Fest steht auch – jedenfalls vorläufig – die “Regierungsmannschaft” des neuen Papstes: Bis auf weiteres bleiben alle Kurienmitarbeiter sowie Sekretäre und Präsidenten der Päpstlichen Kommission für den Staat Vatikanstadt im Amt. Mit dem Tod von Papst Franziskus hatten die meisten Behördenleiter im Vatikan ihre Stellungen laut Kirchenrecht automatisch verloren. Üblicherweise bestätigt aber der neu gewählte Papst sie zu Beginn seiner neuen Amtszeit dann wieder “bis auf Weiteres”.
Der 69-jährige Robert Francis Prevost war am Donnerstag zum Oberhaupt der rund 1,4 Milliarden Katholiken weltweit gewählt worden. Der langjährige Leiter des Augustinerordens ist der erste gebürtige US-Amerikaner im Papstamt, er hat auch die peruanische Staatsbürgerschaft.

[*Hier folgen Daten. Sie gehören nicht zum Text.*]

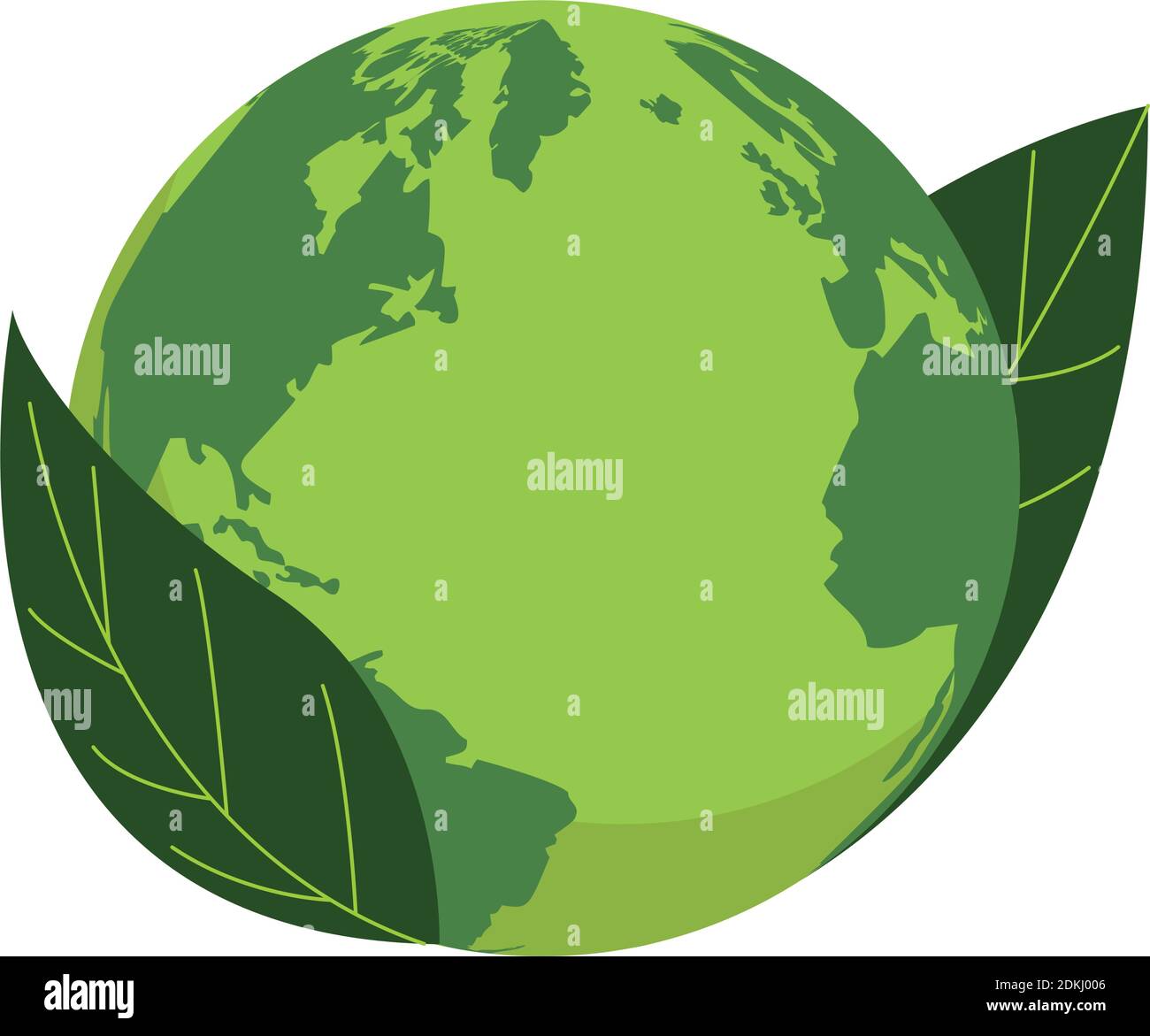 world planet earth with leafs ecology icon vector illustration design ...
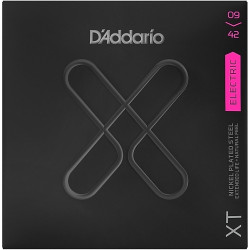 D'Addario XTE0942 - jeu guitare électrique XT plaqué nickel -  Super Light, 09-42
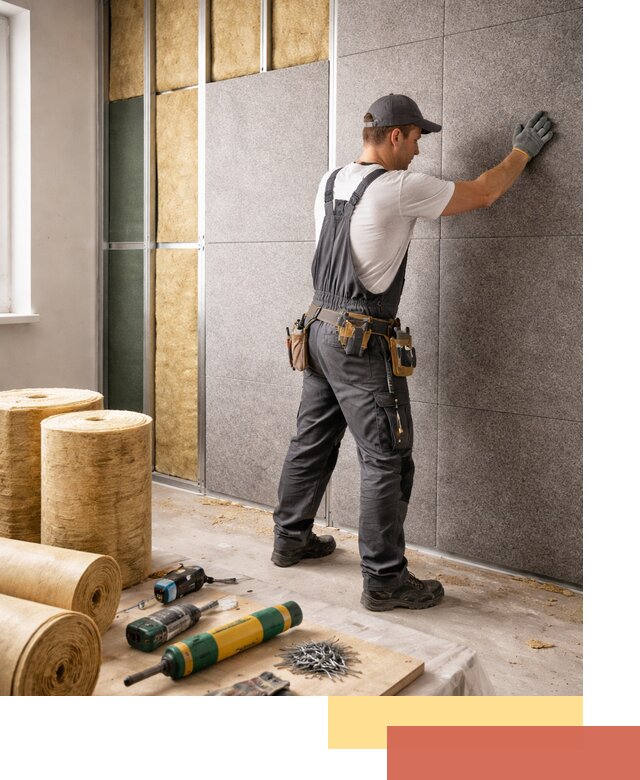 Профессиональная шумоизоляция стен в Богородицке для квартиры и офиса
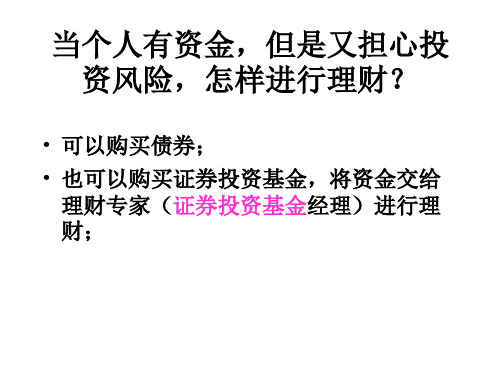 第三章证券投资基金3ppt课件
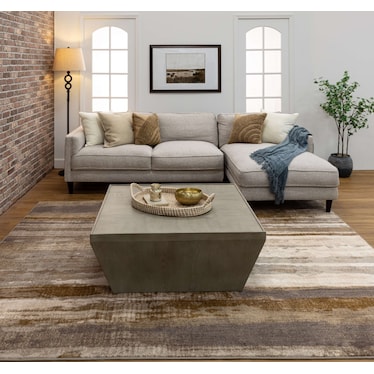 Milestones Grey/Gold/Taupe Area Rug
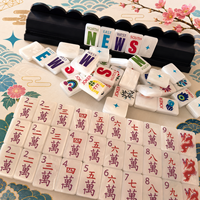 Jeu de Mahjong Américain de Luxe Premium avec Tuiles Perlées Peintes à la Main, Motifs Floraux, Dragon, Dessins Animés, Joker – Nouveauté, Jeu de Loisirs, Cadeau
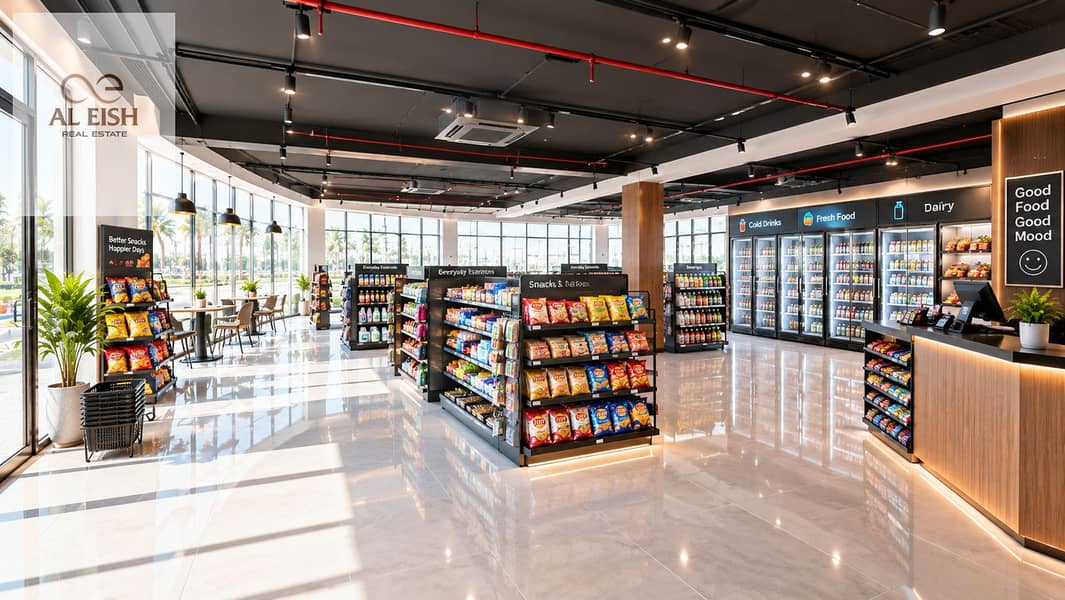 Bright Modern Convenience Store Interior. png Bright Modern Convenience Store Interior. png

Zuletzt war er Leiter der vatikanischen Behörde, die unter anderem für die Bischofsernennungen zuständig ist.
Leo XIV. nutzte die Messe mit den Kardinälen, um in der Predigt sein Verständnis des Papstamtes zu erklären. Er stehe der Gesamtkirche in Liebe vor, sei “treuer Verwalter”, der sich klein mache und Christus in den Vordergrund seiner Arbeit stelle.
Letztlich solle die Kirche “zu einer rettenden Arche, die durch die Wogen der Geschichte steuert, zu einem Leuchtturm, der die Nächte der Welt erhellt” werden. Nicht mit Prunk und Prachtbauten, sondern durch die Heiligkeit der Mitglieder. Auch auf Franziskus’ Erbe verwies Leo – zitierte ihn aber nur einmal indirekt. Alle übrigen Zitate in seiner Predigt kamen aus der Bibel oder aus Texten des Zweiten Vatikanischen Konzils.
In den Vordergrund seiner Ausführungen rückte er die “dramatischen Begleiterscheinungen” eines Mangels an Glauben. Der Sinn des Lebens gehe verloren, die Barmherzigkeit werde vergessen und die Würde des Menschen “in den dramatischsten Formen verletzt”, sagte das neu gewählte Kirchenoberhaupt. Weiter nannte er “die Krise der Familie und viele andere Wunden, unter denen unsere Gesellschaft nicht unerheblich leidet”.
Die Lage für Christen beschrieb er als herausfordernd. “Heute wird der christliche Glaube in nicht wenigen Fällen als etwas Absurdes angesehen, als etwas für schwache und wenig intelligente Menschen; vielfach werden andere Sicherheiten wie Technologie, Geld, Erfolg, Macht und Vergnügen bevorzugt.” Gläubige würden mitunter “verspottet, bekämpft, verachtet oder bestenfalls geduldet und bemitleidet”.
Jesus indes werde als eine Art “charismatischer Anführer oder Übermensch” gesehen, nicht nur von Nichtgläubigen, sondern auch von vielen Getauften, die so schließlich in einen faktischen Atheismus gerieten. Doch jeder Einzelne sei aufgefordert, wie Papst Franziskus es oft gelehrt habe, den freudigen Glauben an Christus zu bezeugen, bekräftigte Leo XIV. Das gelte auch für ihn.